Tracer son propre chemin
Doris Martinali travaille beaucoup afin de suivre son apprentissage en Suisse alémanique.
Doris Martinali travaille beaucoup afin de suivre son apprentissage en Suisse alémanique.
À 15 ans, Doris Martinali sait déjà exactement ce qu’elle veut: reprendre très bientôt l’exploitation paysanne de ses parents dans le Val Blenio. Pour cela, elle a besoin d’une solide formation. Elle a donc opté pour un apprentissage en Suisse alémanique axé sur le bio. Et elle en accepte les défis, entre autres de ne plus voir ses parents et sa sœur qu’une seule fois par mois.

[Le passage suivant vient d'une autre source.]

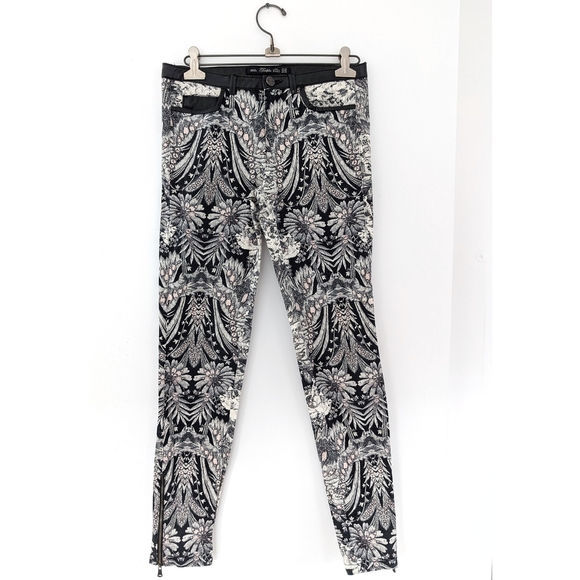 2/15$Zara Trafaluc Black and White Patterned Pants With Leather-like Trim Size 2 - Picture 1 of 11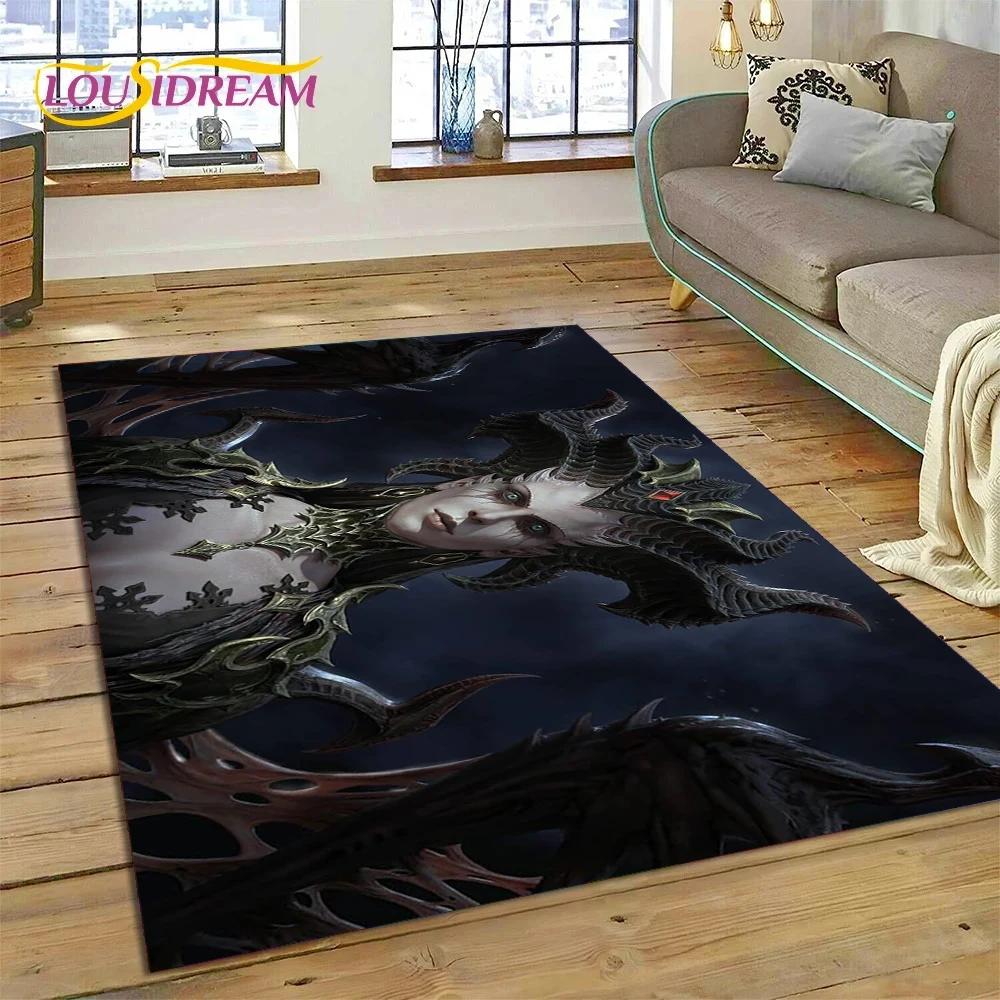 Alfombra de Juego Retro 3D de Diablo para Dormitorio, Sala de Estar, Decoración del Hogar, Sofá, Niños Jugando, Decoración Grande, Felpudo de Regalo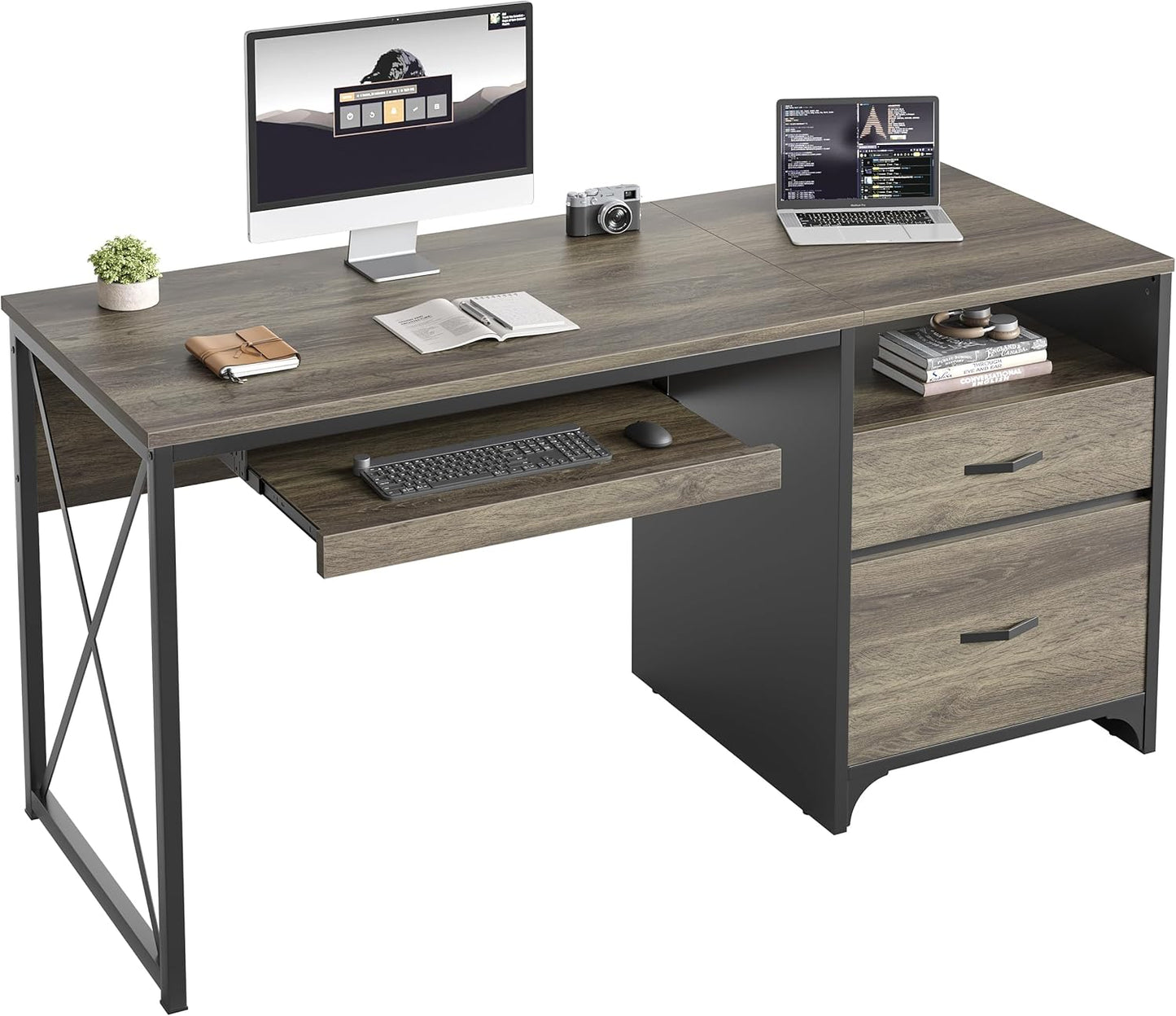 55-Inch Industrial Desk with Storage - Organize in Style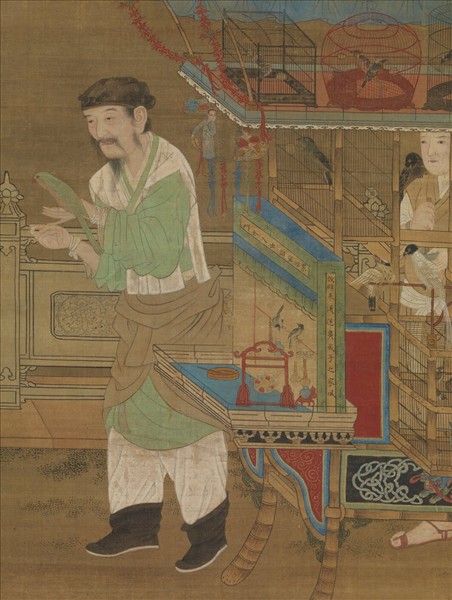 元人春景貨郎圖　軸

«Non, je n’ai pas l’ennui, mais c’est chouette de pouvoir revenir au Tessin pour quelques jours. Cela fait six semaines que je suis venue pour la dernière fois. Il y avait encore de la neige et maintenant c’est presque le printemps. J’aimerais bien revenir plus souvent à la maison, mais c’est compliqué. Je dois faire cinq heures de train et de bus depuis ma place d’apprentissage à Ellikon sur la Thur avant d’arriver à la maison. Quand c’est possible, je préfère donc travailler quelques heures de plus pour avoir ensuite plusieurs jours de congé d’affilée. Le voyage en vaut alors la peine.
Cette place à Ellikon ainsi que ma deuxième année d’apprentissage à Benken, je les ai organisées moi-même. Maman craignait que mes futurs maîtres pensent qu’elle ne s’occupait pas bien de moi, mais en fait, elle est toute fière que je sois aussi débrouille. Il y a plusieurs raisons pour lesquelles j’effectue mon apprentissage en Suisse alémanique et pas au Tessin. Avec mon père, nous aimerions nous convertir au bio ces prochaines années. Il était donc important que j’aie une formation complémentaire dans ce domaine au cours de mon apprentissage déjà. Mission impossible au Tessin. Comme mon père a déjà 65 ans, nous disposons de moins de temps que d’autres familles pour mettre en place la succession. Il faut donc que j’apprenne le plus de choses possible dans les différents domaines. Comme maman vient du canton de Zurich et qu’elle a toujours parlé le suisse-allemand, il n’y avait pas de problèmes pour que je fasse ma formation en dehors du Tessin. Cependant, comme je ne maîtrise pas aussi bien le bon allemand que le dialecte, j’ai dû bosser dur avant de commencer mes cours.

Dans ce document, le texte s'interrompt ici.